Más esotérica que romana
La antigua Bayona de Tajuña atrae a los amantes del ocultismo
Desde un cartel frente a la parada del autobús 415, en la plaza de Legazpi, el "primer premio nacional de mentalismo" -un señor calvo con pinta de heavy metal- mira fijamente al par de ancianas que esperan el autobús. No consigue intimidarlas: van a Titulcia
Para un no iniciado el destino puede sonar poco esotérico. Titulcia es un pueblo de 1.045 habitantes entre Chichón y Aranjuez, en el vértice de los ríos Tajuña y Jarama. Al bajar del autobús, en la marquesina, hay un callejero que sitúa los principales monumentos, pero es mejor no hacerle caso, teniendo en cuenta que es en realidad un plano de Chinchón. El punto paranormal, la oscura relación con el mentalista al otro lado de la línea de autobuses, se encuentra en la cueva de la Luna.
La cueva es una construcción bajo un bar del mismo nombre a unos minutos de la parada de autobús. Se atribuye su edificación al Cardenal Cisneros y su descubrimiento a un labriego del pueblo en los años cincuenta. Dos señoras beben un refresco e indican la camarera a la que se debe pedir permiso para descender a la caverna. "Cuidado con las escaleras", avisa ella. Y no exagera. Son un lodazal con un cono de obra a mitad del descenso. Unos cartelones con letras góticas casi disueltas avisan del contexto mágico en el que el explorador está a punto de dejarse la crisma. Al final espera una bóveda del tamaño de un cuarto de estar con el suelo cubierto de ramos de flores secas y cirios.

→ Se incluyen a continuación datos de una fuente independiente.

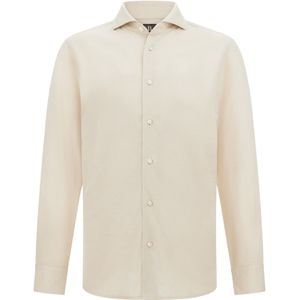 Boggi Milano Overhemd  ivoor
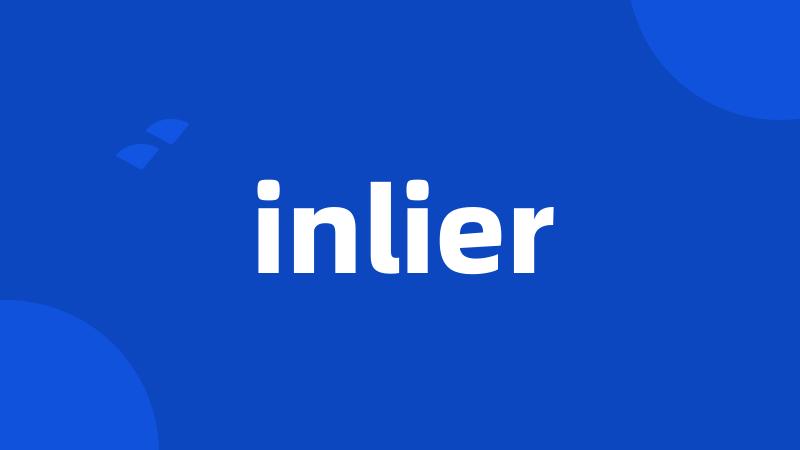 inlier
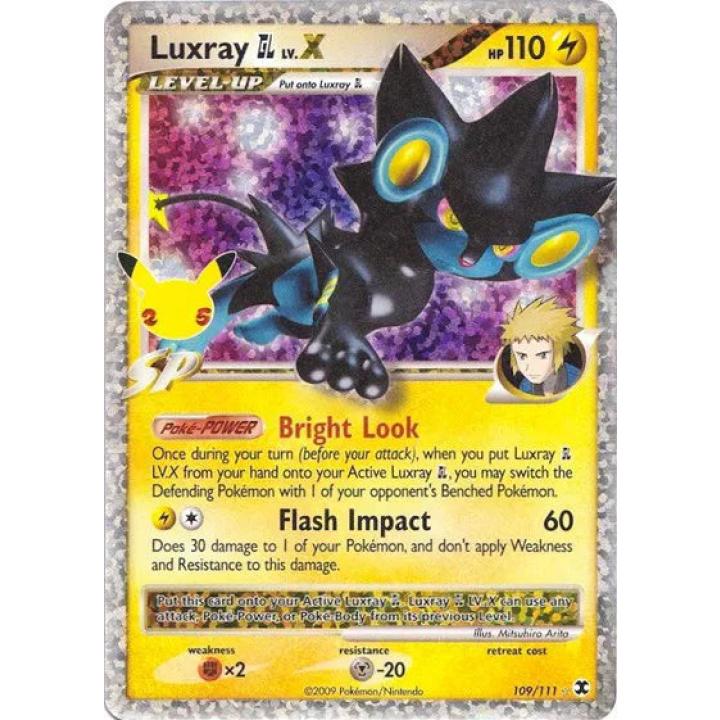 Luxray GL LV.X 109/111 - Celebrations: Classic Collection - Holofoil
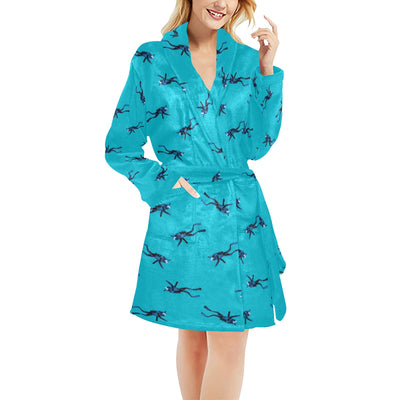 Scuba Driver Print Design LKS304 Women's Fleece Robe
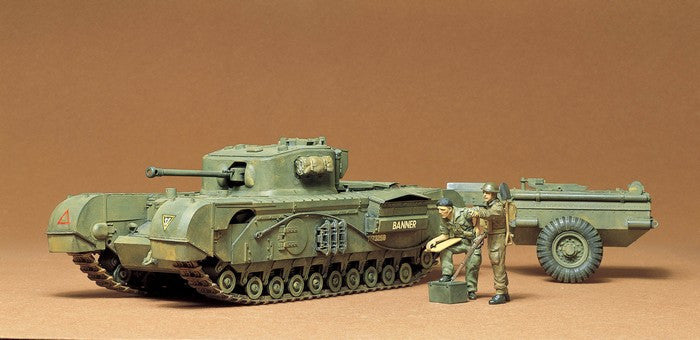 Tamiya Military 1/35 Churchill/Crocodile Tank w/Trailer & Crew Kit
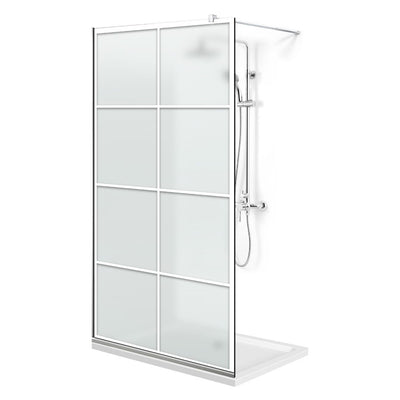Zuhanyfal Walk-in, Zuhanyfal Rozsdamentes acél, #Matt #Matt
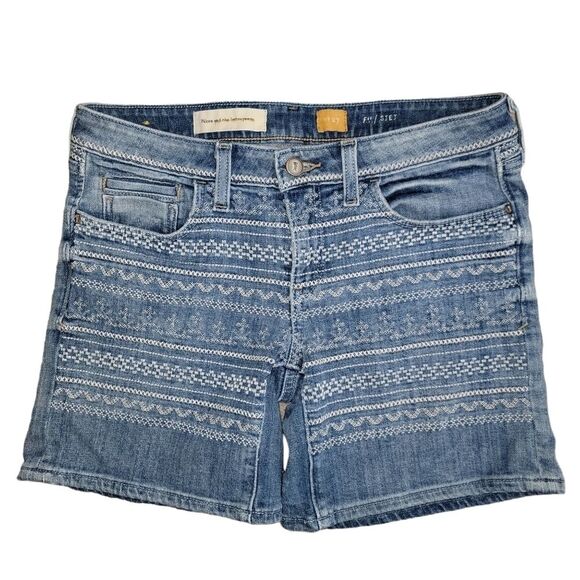 Pilcro & the Letterpress Anthropologie The Stet Jean Shorts 27 - Picture 2 of 7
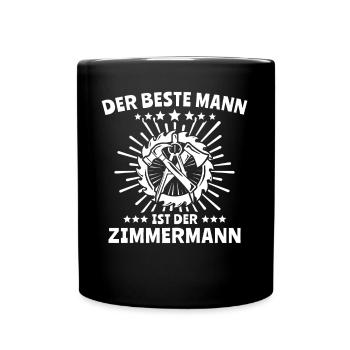 Bester Zimmermann Zimmerer - Tasse einfarbig - Schwarz - Vorne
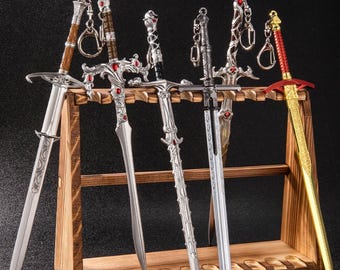Baldur's Gate 3 Sword With Stand Weapon Collection, DND Weapon Bg3 Rapier, Weapon Collection, DND Decor, DND Gifts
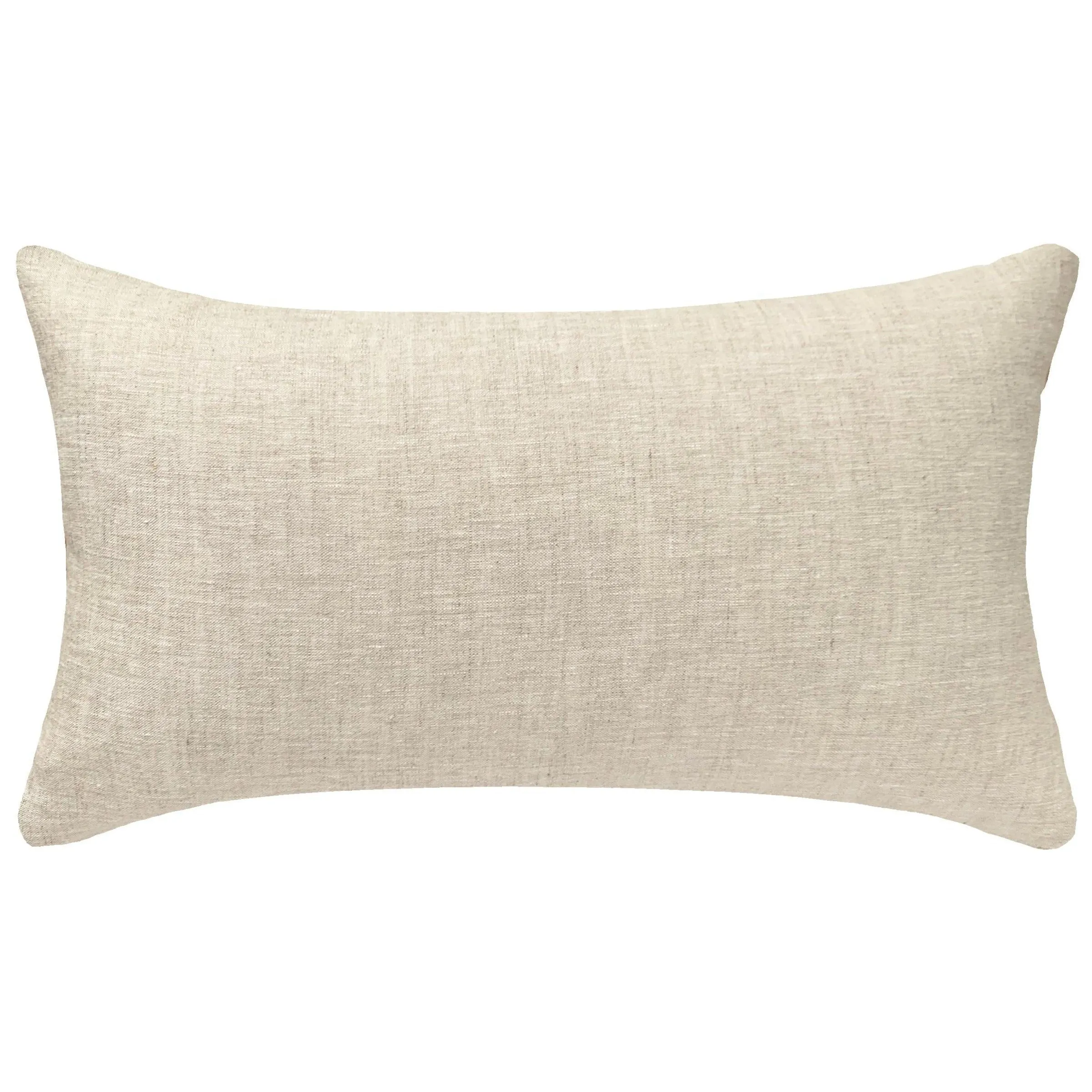 Cowrie Embroidered Lumbar Pillow - Natural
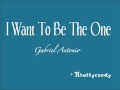 Gabriel Antonio- I want to be the one [ lyrics ...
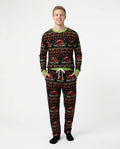 Santa Claws Christmas Bamboo Men's Pajama Set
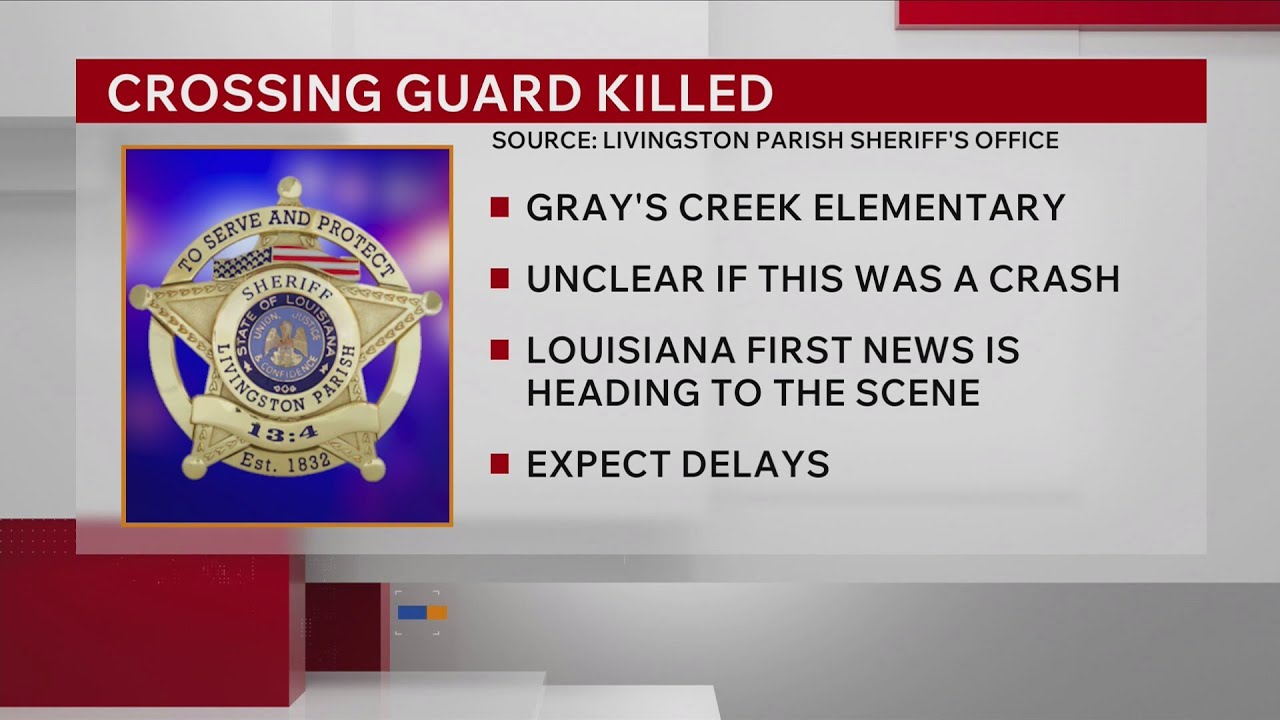 Elementary school crossing guard in Denham Springs dies, sheriff's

El visitante poco aficionado al ocultismo puede sorprenderse de vuelta a la luz solar, pero a los entendidos en la materia el conjunto les fascina. Armando Rico, antiguo propietario del bar, difundió en un libro la teoría de que la construcción es un templo esotérico de los Templarios, y en Internet abundan las páginas que relacionan la cueva con cosas de nombre tan solemne como las Tablas de la Uy o las Leyes Biorrítmicas del Universo. En alguna se menciona la posibilidad de que se construyese para actuar de "máquina de transmutación humana".
Una vez sorteado el boquete espacio-temporal, queda pasear por el pueblo. Después de la Guerra Civil se reconstruyó entero. No hay edificios con solera, pero las calles son tranquilas, llenas de bares donde los vecinos toman el vermú. No merece la pena preguntar por un cajero automático. "¿Para qué?", bromea un octogenario con sombrero de cazador. "Si aquí son todos analfabetos".
Tampoco hacen falta mucho más de un par de euros para comprar los melones que venden los agricultores en los soportales. Las mujeres se reúnen en torno a ellos y ojean la mercancía. La vega del pueblo es rica en hortalizas. Los montes proveen de caza. En una calle, un visitante con puro y cartuchera prepara los avíos mientras sus lebreros asoman el hocico por un remolque.
El restaurante más conocido es el Rincón de Luis. Su tortilla de patatas cuenta con una legión de admiradores. Uno de ellos fue José Hierro, el poeta, que se estableció en Titulcia. En el restaurante guardan algunas botellas dedicadas por él. Hay más opciones para comer. Por ejemplo, el quiosco, junto a la iglesia de la Magdalena y su campanario con dos cigüeñas grandes como pterodáctilos. Dentro del bar los parroquianos miran distraídos una película de Bud Spencer. El menú incluye melón con jamón.
De beber se impone el producto local, el Viña de Bayona. Bayona de Tajuña fue el nombre del pueblo hasta que Fernando VII se lo cambió en 1814. Había pasado demasiado tiempo recluido por Napoleón en la Bayona francesa; de vuelta a España le humillaba que el nombre de su destierro le rondara a 35 kilómetros de la Corte. Optó por una solución clásica y recuperó la vieja Titultia, la villa en donde se cruzaban importantes rutas de la Hispania romana. En tanto que rey, tampoco le hizo falta tomarse el tiempo de comprobar si los caminos se encontraban realmente allí; algunos historiadores mantienen que lo hacían en Móstoles, otros en Las Rozas. Es difícil decirle que no a un rey herido, pero al vino siempre le puede llamar uno como quiera.